Montag, 4. Oktober 2010

Geschichte des Liberalismus

Das Liberale Institut in Zürich hat verdienstvollerweise eine PDF-Version des Buches Die Partei der Freiheit: Studien zur Geschichte des deutschen Liberalismus von Ralph Raico zum Download bereit gestellt. Die gedruckte Ausgabe des Buches ist 1999 im Verlag Lucius und Lucius, Stuttgart, in der Reihe Schriften zur Wirtschaftspolitik, Bd. 7, ISBN 3-8282-0042-7, veröffentlicht worden.

Ralph Raico ist Professor für europäische Geschichte an der State University of New York. Er hat in den 1960er-Jahren unter Betreuung von Friedrich von Hayek seine Dissertation an der Universität von Chicago geschrieben.
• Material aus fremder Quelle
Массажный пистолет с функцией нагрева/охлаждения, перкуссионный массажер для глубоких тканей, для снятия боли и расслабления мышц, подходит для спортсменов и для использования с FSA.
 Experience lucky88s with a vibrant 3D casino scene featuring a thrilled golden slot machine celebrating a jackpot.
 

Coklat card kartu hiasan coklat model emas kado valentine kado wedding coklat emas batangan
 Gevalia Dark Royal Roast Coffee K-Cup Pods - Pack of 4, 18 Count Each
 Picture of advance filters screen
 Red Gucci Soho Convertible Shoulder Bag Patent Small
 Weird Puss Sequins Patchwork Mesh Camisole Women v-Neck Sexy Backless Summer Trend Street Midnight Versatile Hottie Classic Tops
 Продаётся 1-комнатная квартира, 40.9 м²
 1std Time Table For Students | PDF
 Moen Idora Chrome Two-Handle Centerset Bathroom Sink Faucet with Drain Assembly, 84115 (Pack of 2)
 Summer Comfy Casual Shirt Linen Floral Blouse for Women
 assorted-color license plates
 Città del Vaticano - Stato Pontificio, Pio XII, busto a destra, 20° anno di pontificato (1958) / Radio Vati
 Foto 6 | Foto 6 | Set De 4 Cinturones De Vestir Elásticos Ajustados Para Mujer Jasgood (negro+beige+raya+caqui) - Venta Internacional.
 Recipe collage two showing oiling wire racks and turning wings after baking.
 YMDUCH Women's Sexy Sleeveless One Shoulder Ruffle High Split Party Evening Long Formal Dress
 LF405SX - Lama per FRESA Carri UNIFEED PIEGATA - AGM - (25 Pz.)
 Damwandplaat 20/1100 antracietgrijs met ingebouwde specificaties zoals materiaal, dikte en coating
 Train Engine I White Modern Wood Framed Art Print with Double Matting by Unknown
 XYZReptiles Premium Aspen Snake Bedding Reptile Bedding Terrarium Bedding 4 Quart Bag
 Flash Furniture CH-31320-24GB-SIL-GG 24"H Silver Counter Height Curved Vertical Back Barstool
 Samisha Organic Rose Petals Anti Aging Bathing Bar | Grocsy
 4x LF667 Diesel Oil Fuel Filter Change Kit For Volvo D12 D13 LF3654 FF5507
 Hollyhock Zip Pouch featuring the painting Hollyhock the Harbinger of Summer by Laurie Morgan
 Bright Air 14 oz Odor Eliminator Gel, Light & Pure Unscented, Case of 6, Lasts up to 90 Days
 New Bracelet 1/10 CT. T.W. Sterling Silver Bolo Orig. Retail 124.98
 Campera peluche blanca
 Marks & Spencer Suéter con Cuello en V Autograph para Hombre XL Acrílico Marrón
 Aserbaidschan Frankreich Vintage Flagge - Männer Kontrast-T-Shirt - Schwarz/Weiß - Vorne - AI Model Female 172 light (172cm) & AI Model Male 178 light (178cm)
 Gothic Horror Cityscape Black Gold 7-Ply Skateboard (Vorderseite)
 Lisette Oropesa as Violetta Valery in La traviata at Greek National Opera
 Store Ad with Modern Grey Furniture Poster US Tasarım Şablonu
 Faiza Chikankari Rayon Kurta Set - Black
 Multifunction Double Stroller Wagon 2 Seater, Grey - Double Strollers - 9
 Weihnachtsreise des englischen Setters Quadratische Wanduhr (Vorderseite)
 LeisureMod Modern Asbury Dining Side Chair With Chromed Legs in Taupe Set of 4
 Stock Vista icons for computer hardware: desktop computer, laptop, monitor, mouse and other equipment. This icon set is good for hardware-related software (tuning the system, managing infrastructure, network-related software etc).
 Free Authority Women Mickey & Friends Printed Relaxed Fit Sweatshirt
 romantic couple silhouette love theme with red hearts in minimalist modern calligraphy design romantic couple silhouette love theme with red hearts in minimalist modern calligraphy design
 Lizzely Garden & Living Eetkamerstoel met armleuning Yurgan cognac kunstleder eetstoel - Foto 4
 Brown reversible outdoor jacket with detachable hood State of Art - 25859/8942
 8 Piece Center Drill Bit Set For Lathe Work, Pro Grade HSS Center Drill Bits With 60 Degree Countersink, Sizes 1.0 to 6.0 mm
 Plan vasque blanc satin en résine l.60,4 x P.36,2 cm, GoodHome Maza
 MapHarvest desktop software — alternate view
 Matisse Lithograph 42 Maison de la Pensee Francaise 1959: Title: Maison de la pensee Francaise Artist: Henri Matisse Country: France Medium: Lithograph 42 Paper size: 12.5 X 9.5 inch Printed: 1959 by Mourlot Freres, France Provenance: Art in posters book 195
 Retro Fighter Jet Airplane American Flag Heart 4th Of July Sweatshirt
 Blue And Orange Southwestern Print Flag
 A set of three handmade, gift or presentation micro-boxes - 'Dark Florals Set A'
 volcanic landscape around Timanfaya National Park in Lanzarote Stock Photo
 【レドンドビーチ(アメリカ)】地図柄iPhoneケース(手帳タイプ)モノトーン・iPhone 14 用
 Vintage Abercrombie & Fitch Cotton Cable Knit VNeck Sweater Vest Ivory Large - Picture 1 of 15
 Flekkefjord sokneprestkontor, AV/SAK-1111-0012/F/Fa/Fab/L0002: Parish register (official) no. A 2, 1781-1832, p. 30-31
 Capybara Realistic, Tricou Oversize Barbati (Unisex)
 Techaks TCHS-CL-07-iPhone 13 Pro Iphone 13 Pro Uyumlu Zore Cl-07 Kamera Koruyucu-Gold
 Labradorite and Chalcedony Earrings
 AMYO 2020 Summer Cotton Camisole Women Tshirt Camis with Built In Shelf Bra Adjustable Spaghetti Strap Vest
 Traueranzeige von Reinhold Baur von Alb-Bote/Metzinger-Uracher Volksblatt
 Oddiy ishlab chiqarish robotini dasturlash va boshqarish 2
Er war Herausgeber der New Individualist Review und übersetzte Schriften von Hayek und Ludwig von Mises ins Englische.

Der Autor beschreibt sehr faktenreich die Entwicklung des deutschen Liberalismus von seinem Ursprung im 18. Jahrhundert bis zum 1. Weltkrieg. Die Studie führt schmerzhaft vor Augen, welch tiefen Niedergang der Liberalismus seit seinem Höhepunkt im 19. Jahrhundert erfahren hat. Die Lektüre des Buches empfiehlt sich allen, die diesen Prozess verstehen wollen.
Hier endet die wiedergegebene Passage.